What you will do: Could you restate the data word for word and drop the pictures?

Given information:
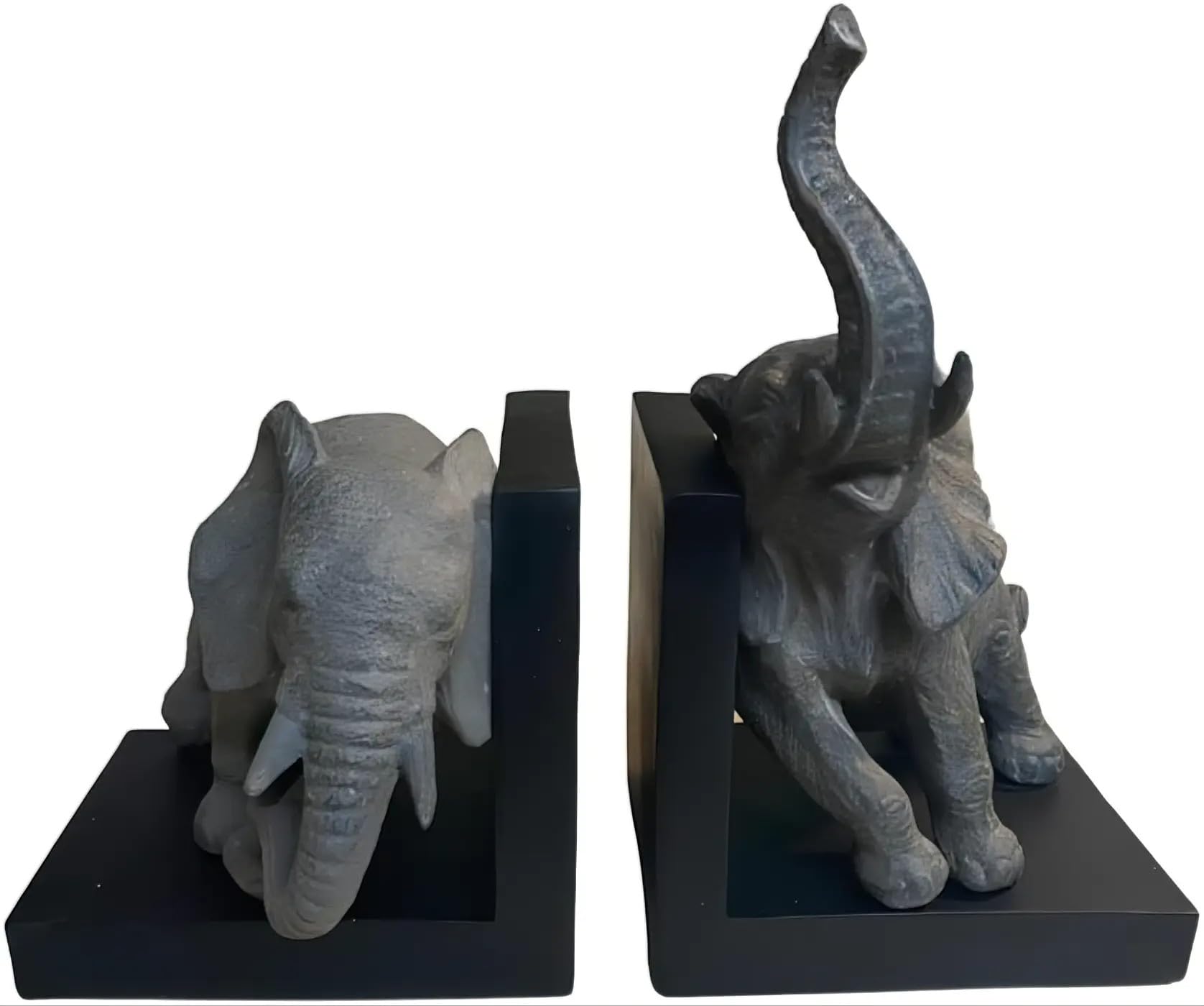 Comfy Hour 12" Large Elephant Decorative Bookends, Unique Heavy Duty Animal Book Ends for Shelves, Vintage Polyresin Book Stopper for Heavy Books, Gray & Black, 1 Pair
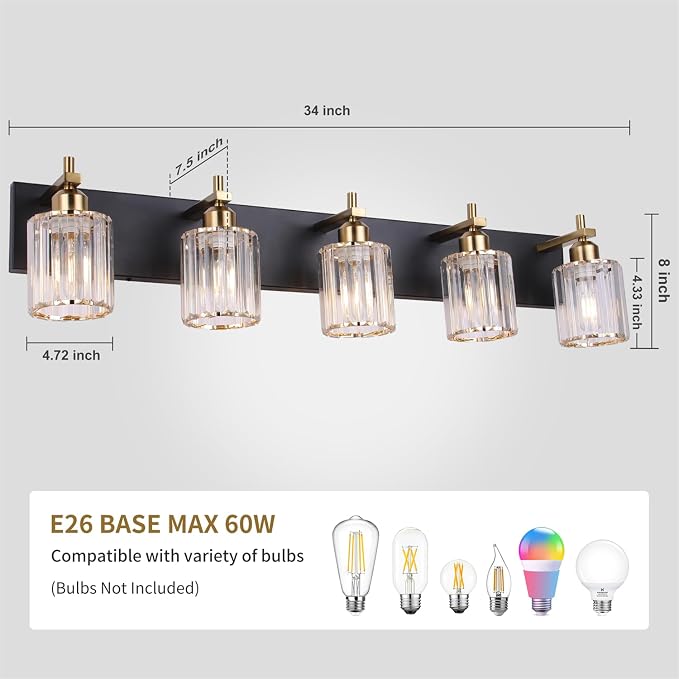 She's home 5-Light Vanity Lights for Bathroom: Black Gold Vanity Lights with Crystal Glass Shade, Modern Crystal Bathroom Light Fixtures Over Mirror, 34inch Black Gold Wall Sconce for Bath, E26 Base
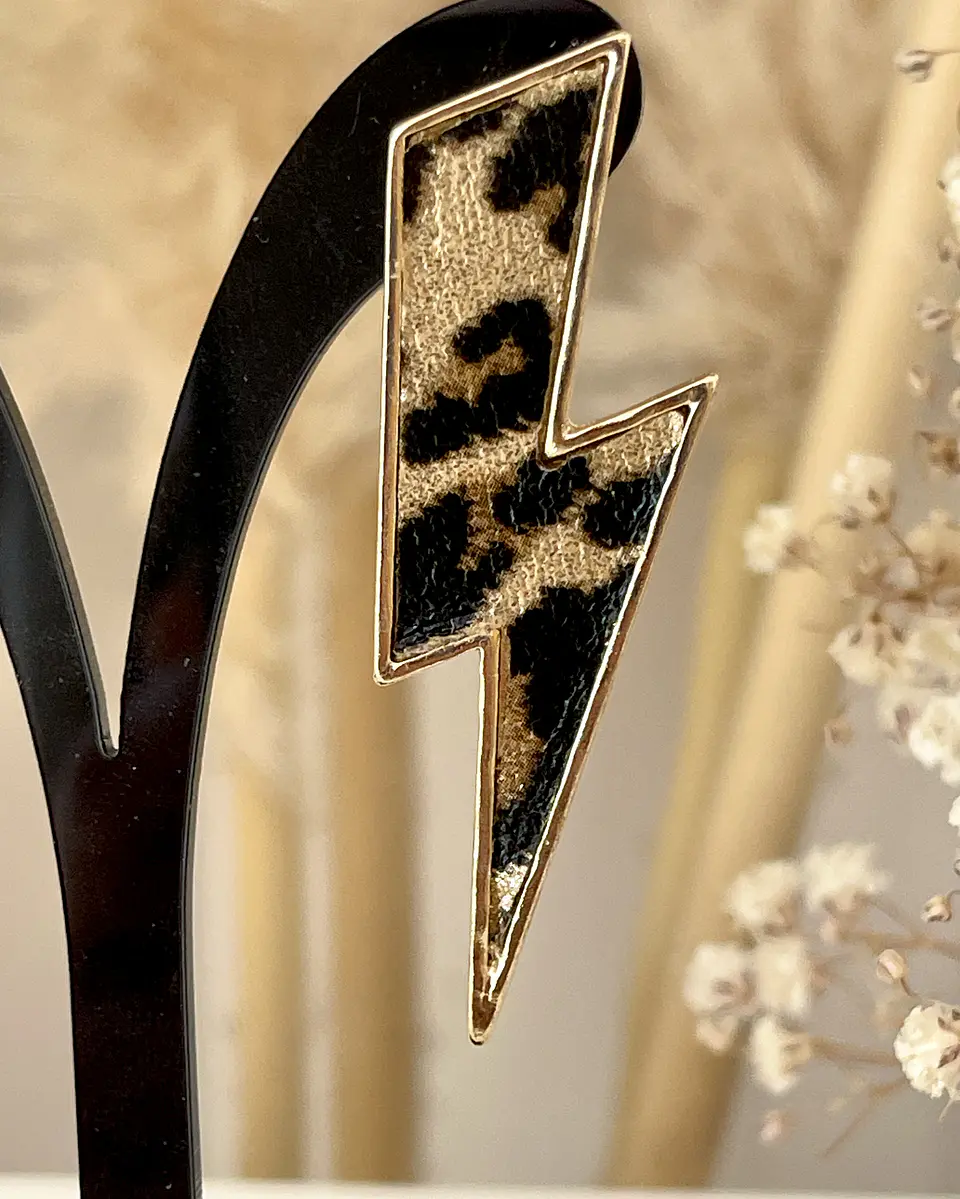 Aros Maxi Rayo Leopardo Print Gold 2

Answer to this problem:
 Comfy Hour 12" Large Elephant Decorative Bookends, Unique Heavy Duty Animal Book Ends for Shelves, Vintage Polyresin Book Stopper for Heavy Books, Gray & Black, 1 Pair
 She's home 5-Light Vanity Lights for Bathroom: Black Gold Vanity Lights with Crystal Glass Shade, Modern Crystal Bathroom Light Fixtures Over Mirror, 34inch Black Gold Wall Sconce for Bath, E26 Base
 Aros Maxi Rayo Leopardo Print Gold 2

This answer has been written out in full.